§ Available records
□ □ □ □ □
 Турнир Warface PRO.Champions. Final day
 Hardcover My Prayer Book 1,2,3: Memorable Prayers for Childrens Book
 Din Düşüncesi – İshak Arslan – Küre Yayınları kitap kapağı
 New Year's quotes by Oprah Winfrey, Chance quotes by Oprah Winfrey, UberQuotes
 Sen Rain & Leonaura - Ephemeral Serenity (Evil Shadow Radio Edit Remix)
□ □ □ □ □
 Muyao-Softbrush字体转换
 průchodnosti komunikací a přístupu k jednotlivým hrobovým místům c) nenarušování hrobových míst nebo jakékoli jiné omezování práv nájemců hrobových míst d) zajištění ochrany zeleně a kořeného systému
□ □ □ □ □
§ What is required
Reprint exactly the lines above that start at the one with "Турнир Warface PRO.Champions. Final day" and end at the one with "Sen Rain & Leonaura", keeping both and adding none.

§ Response to the task
 Турнир Warface PRO.Champions. Final day
 Hardcover My Prayer Book 1,2,3: Memorable Prayers for Childrens Book
 Din Düşüncesi – İshak Arslan – Küre Yayınları kitap kapağı
 New Year's quotes by Oprah Winfrey, Chance quotes by Oprah Winfrey, UberQuotes
 Sen Rain & Leonaura - Ephemeral Serenity (Evil Shadow Radio Edit Remix)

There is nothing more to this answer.